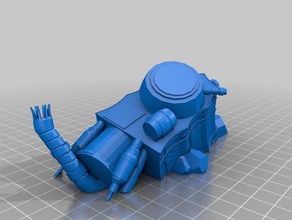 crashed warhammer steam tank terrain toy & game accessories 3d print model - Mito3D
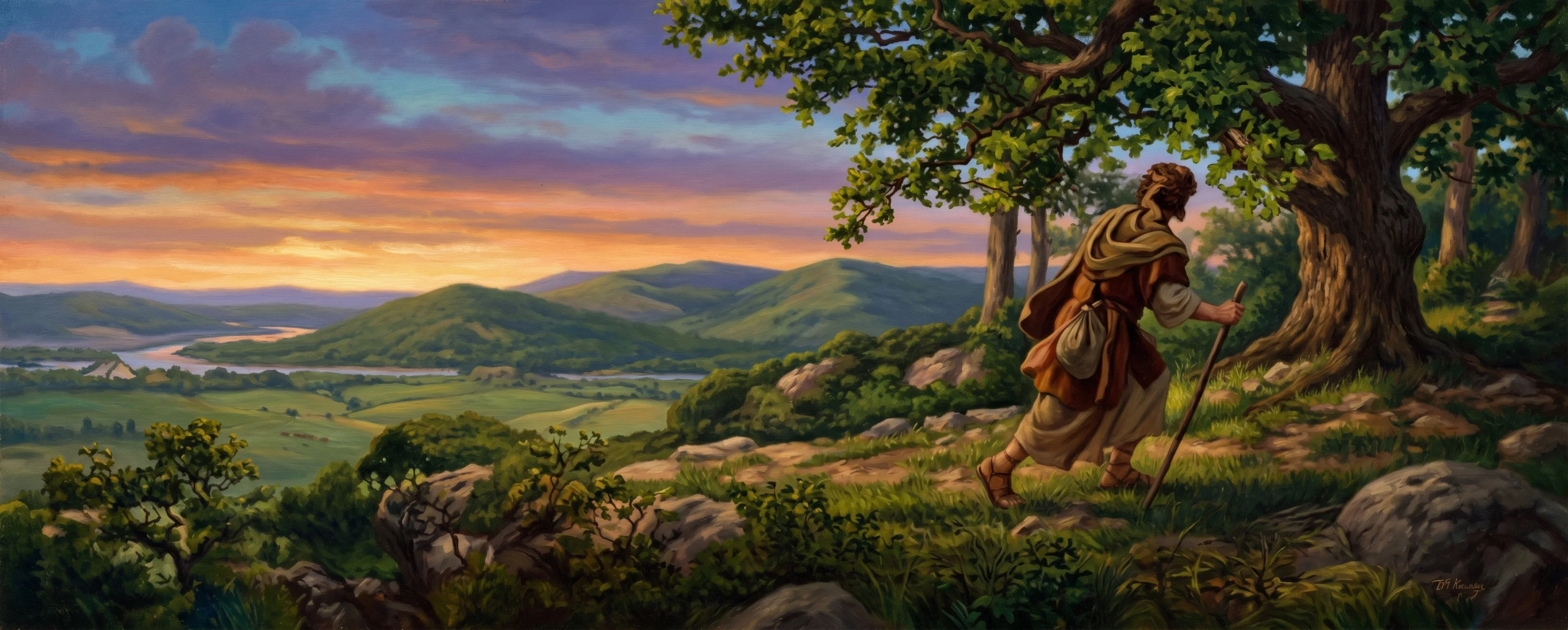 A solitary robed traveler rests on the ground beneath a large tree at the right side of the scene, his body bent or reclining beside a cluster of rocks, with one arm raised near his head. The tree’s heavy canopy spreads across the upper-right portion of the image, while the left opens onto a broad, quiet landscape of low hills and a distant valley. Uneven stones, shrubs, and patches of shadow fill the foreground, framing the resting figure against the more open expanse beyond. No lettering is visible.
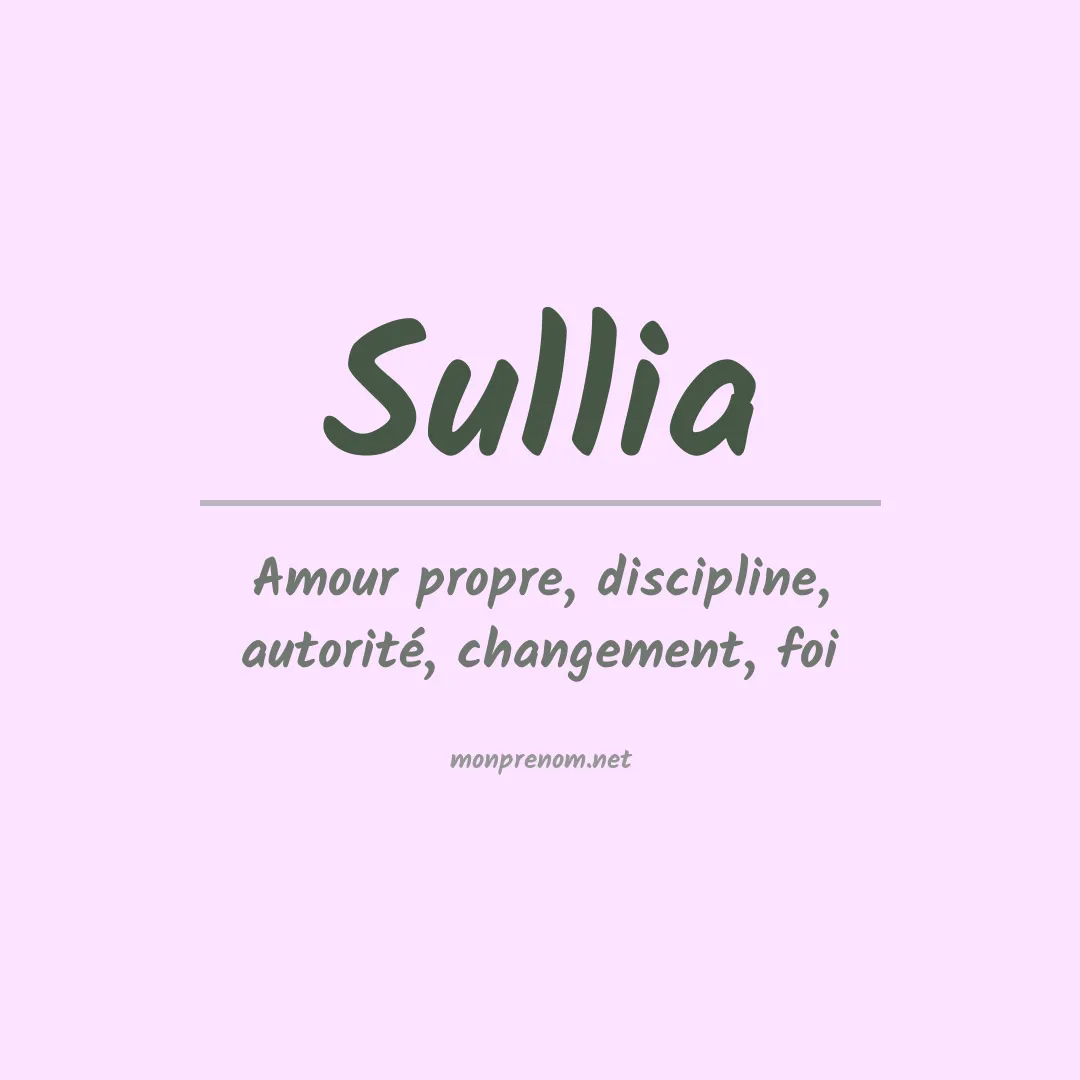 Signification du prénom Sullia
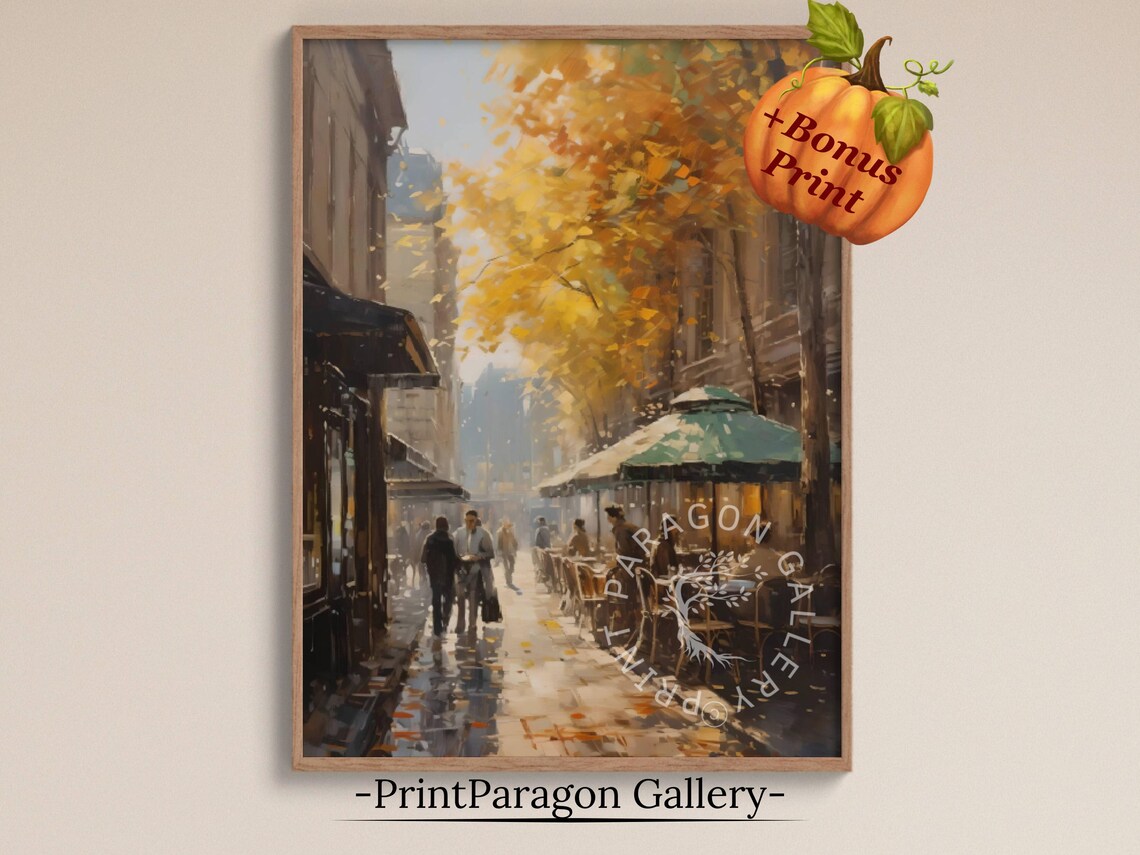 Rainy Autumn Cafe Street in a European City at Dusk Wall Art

● ● ●

**EXERCISE REQUIREMENTS**
Set down exactly, line for line, the data from the line that contains "Signification du prénom Sullia" through its last line, keeping pictures out.

**SOLUTION TO THIS PROBLEM**
 Signification du prénom Sullia
 Rainy Autumn Cafe Street in a European City at Dusk Wall Art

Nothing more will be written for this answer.